#### REQUIRED WORK:
Below are entries; repeat exactly, and nothing else, the lines from the one holding "ATE 24.3727-0426.2 - Vaijeri, seisontajarru" through the one holding "Un cargou s-a", inclusive. Leave the pictures out.

#### DATA PROVIDED:
==*==
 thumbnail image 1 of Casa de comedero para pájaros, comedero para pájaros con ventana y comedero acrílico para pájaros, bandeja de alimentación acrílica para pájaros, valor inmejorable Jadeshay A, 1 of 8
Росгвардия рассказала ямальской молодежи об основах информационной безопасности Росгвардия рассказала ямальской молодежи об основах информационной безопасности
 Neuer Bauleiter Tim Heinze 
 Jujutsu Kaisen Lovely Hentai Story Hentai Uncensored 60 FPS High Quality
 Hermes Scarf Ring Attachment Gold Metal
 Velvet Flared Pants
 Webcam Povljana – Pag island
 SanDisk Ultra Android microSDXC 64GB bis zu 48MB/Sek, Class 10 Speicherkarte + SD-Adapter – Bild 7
==*==
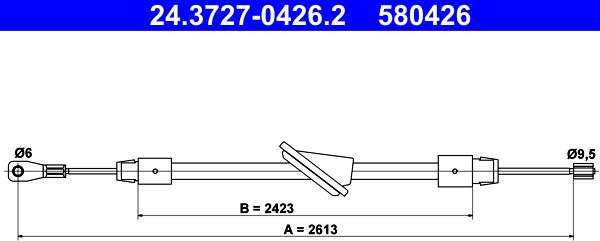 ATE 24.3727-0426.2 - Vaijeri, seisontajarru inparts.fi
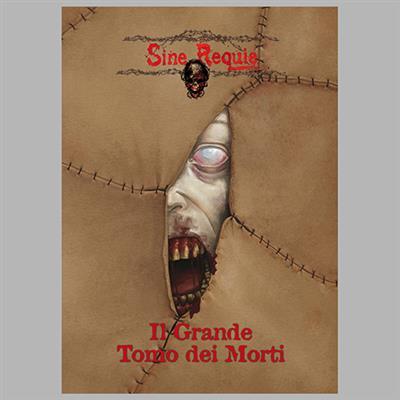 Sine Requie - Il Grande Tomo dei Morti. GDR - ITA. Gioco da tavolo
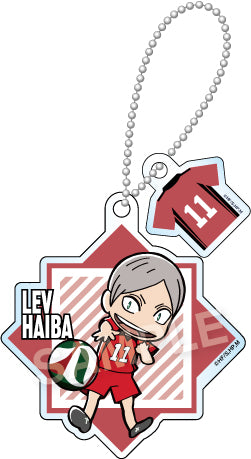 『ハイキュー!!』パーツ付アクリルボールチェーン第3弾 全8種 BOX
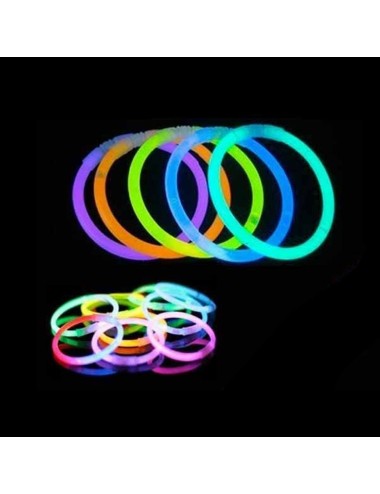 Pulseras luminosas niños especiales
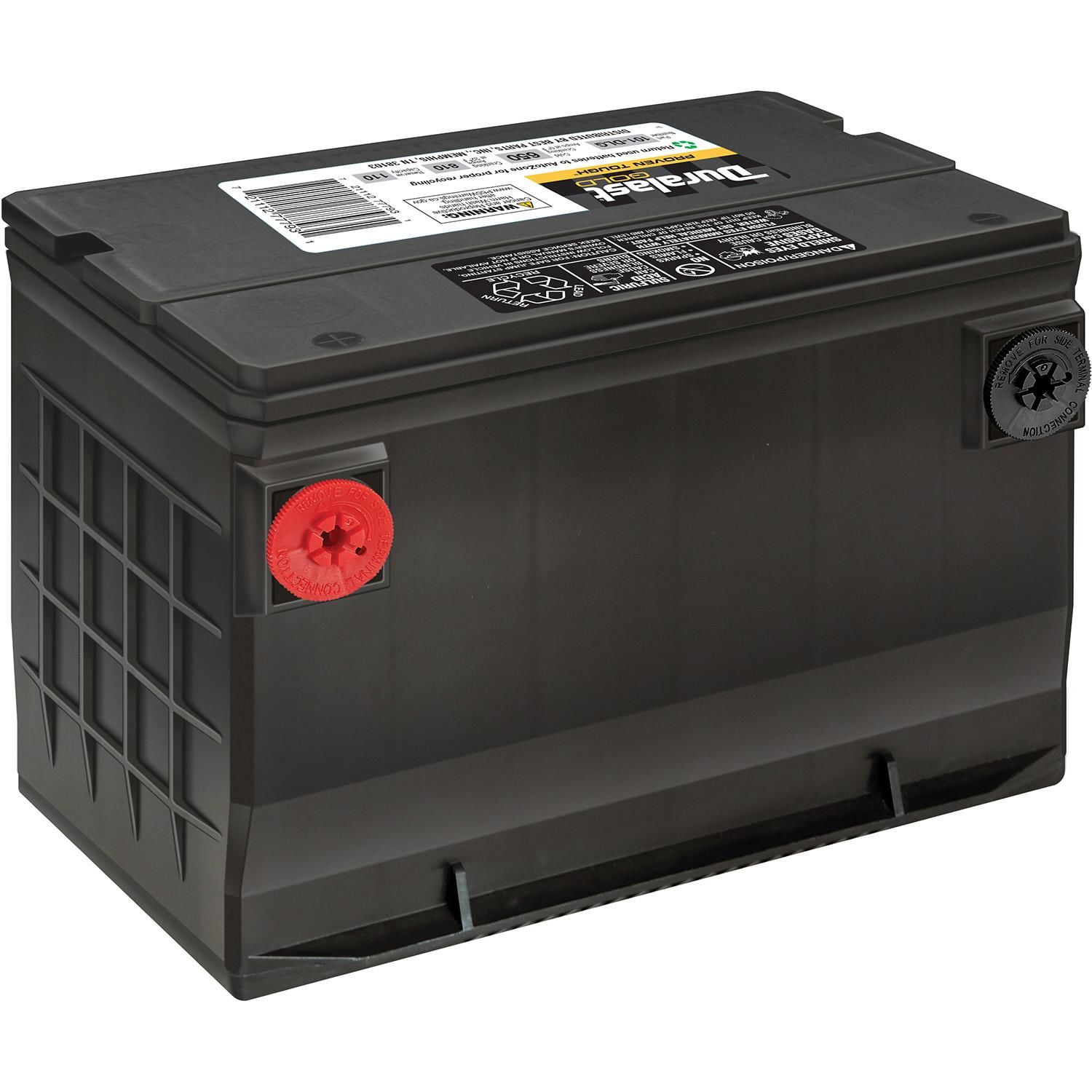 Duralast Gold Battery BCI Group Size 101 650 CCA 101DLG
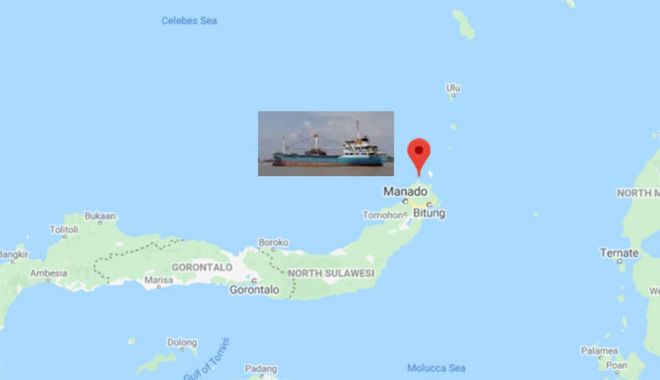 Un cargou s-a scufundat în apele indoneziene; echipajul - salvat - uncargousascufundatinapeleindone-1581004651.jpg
==*==
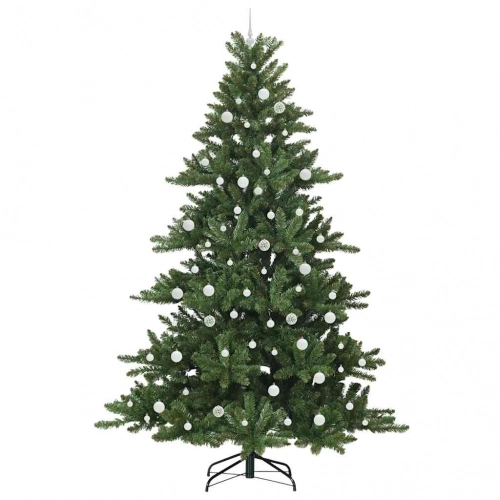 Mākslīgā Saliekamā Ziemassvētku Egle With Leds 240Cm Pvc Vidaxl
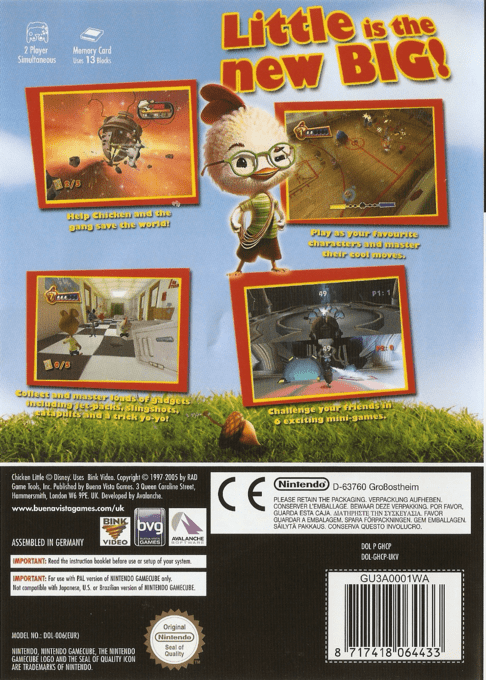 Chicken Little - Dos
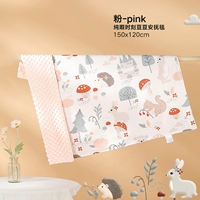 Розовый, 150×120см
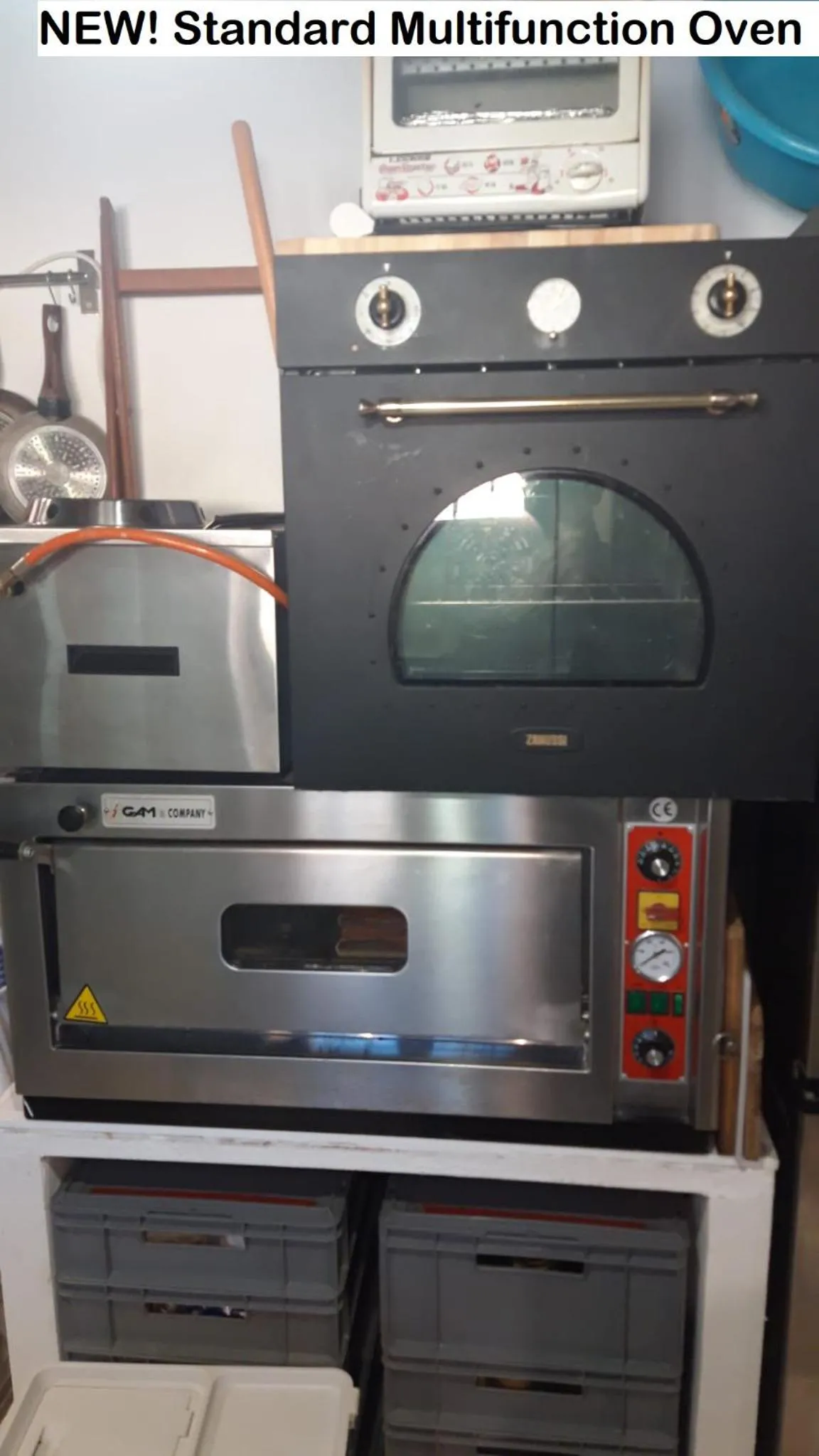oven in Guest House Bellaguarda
==*==
#### TASK OUTPUT:
 ATE 24.3727-0426.2 - Vaijeri, seisontajarru inparts.fi
 Sine Requie - Il Grande Tomo dei Morti. GDR - ITA. Gioco da tavolo
 『ハイキュー!!』パーツ付アクリルボールチェーン第3弾 全8種 BOX
 Pulseras luminosas niños especiales
 Duralast Gold Battery BCI Group Size 101 650 CCA 101DLG
 Un cargou s-a scufundat în apele indoneziene; echipajul - salvat - uncargousascufundatinapeleindone-1581004651.jpg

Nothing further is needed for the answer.